Affichage du vrai prix des abonnements internet :  Orange et Bouygues persistent et pourraient être sanctionnés

 

Les opérateurs avaient jusqu’au 1er février 2018 pour rentrer dans les rangs, au delà de cette date, la DGCCRF prévoyait une amende… de 15 000 euros. Une somme qui n’est visiblement pas dissuasive.

Si SFR a rejoint Free vendredi dernier en matière de transparence autour de l’affichage du prix de ses offres fixes en incluant désormais le tarif de ses box dans ses abonnements, ce n’est toujours pas le cas d’Orange et Bouygues qui font de la résistance.
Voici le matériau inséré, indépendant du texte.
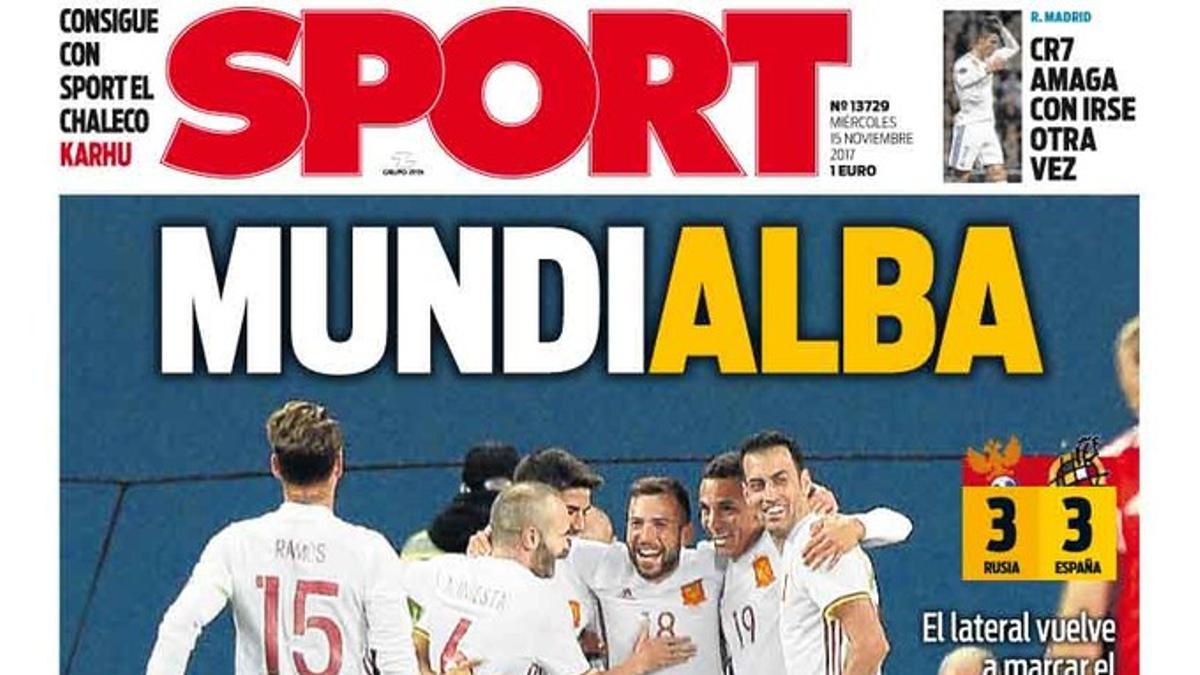 La portada de SPORT de hoy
En septembre dernier, la Direction générale de la concurrence, de la consommation et de la répression des fraudes (DGCCRF) a envoyé un courrier à SFR, Bouygues Telecom et Orange leur demandant d’afficher dorénavant le tarif "tout compris" de leurs abonnements internet. Leur était imploré de se conformer à la loi (arrêté du 3 décembre 1987) et ainsi de présenter une information complète au consommateur sur tout support. La mise en demeure de la DGCCRF était la suivante : “dans le cas où une offre d’accès internet fixe proposée au consommateur comporte la location payante d’une box, le prix annoncé dans vos publicités et communications commerciales doit indiquer la somme totale qui devra être effectivement payée par le consommateur”. 

A cela, Bouygues Telecom avait répondu "étudier les demandes" formulées alors qu’Orange s’était montré plus frontal en avançant que ses offres "respectent la règlementation". L’opérateur historique s’est défendu en estimant que la présentation des offres aujourd’hui, qui n’inclut pas le prix de location de la box à celui de l’abonnement, "suite à un un avis du conseil national de la consommation, qui dépend de la DGCCRF, datant de 2006 concernant les publicités écrites".

Aujourd’hui, soit 11 jours après la date d’échéance, Orange et Bouygues n’ont pas rectifié le tir. Conséquence : la Répression des fraudes a averti selon Les Echos qu’elle mènera des contrôles supplémentaires si nécessaire, et « tirera toutes les conséquences du comportement des opérateurs en termes de sanctions ». Une amende de 15 000 euros est prévue.